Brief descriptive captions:
..............................

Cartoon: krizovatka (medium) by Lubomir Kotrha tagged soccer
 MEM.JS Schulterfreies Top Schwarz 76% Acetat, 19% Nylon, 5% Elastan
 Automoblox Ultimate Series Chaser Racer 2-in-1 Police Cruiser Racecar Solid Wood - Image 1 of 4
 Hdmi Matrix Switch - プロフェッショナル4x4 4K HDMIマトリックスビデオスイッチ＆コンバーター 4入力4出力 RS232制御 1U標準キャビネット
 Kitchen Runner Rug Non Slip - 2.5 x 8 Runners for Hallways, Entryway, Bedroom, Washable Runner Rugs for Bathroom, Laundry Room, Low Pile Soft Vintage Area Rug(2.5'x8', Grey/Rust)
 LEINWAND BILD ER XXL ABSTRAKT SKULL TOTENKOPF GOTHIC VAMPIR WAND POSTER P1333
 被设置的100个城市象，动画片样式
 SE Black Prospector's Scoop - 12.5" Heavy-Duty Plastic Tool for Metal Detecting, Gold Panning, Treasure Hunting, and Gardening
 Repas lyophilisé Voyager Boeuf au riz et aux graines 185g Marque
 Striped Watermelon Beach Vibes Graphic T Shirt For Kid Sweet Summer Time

..............................

> Work item
For the lines above, output exactly those from the line containing "LEINWAND BILD ER" through the line containing "Repas lyophilisé Voyager", and skip the others.

> Exercise solution
 LEINWAND BILD ER XXL ABSTRAKT SKULL TOTENKOPF GOTHIC VAMPIR WAND POSTER P1333
 被设置的100个城市象，动画片样式
 SE Black Prospector's Scoop - 12.5" Heavy-Duty Plastic Tool for Metal Detecting, Gold Panning, Treasure Hunting, and Gardening
 Repas lyophilisé Voyager Boeuf au riz et aux graines 185g Marque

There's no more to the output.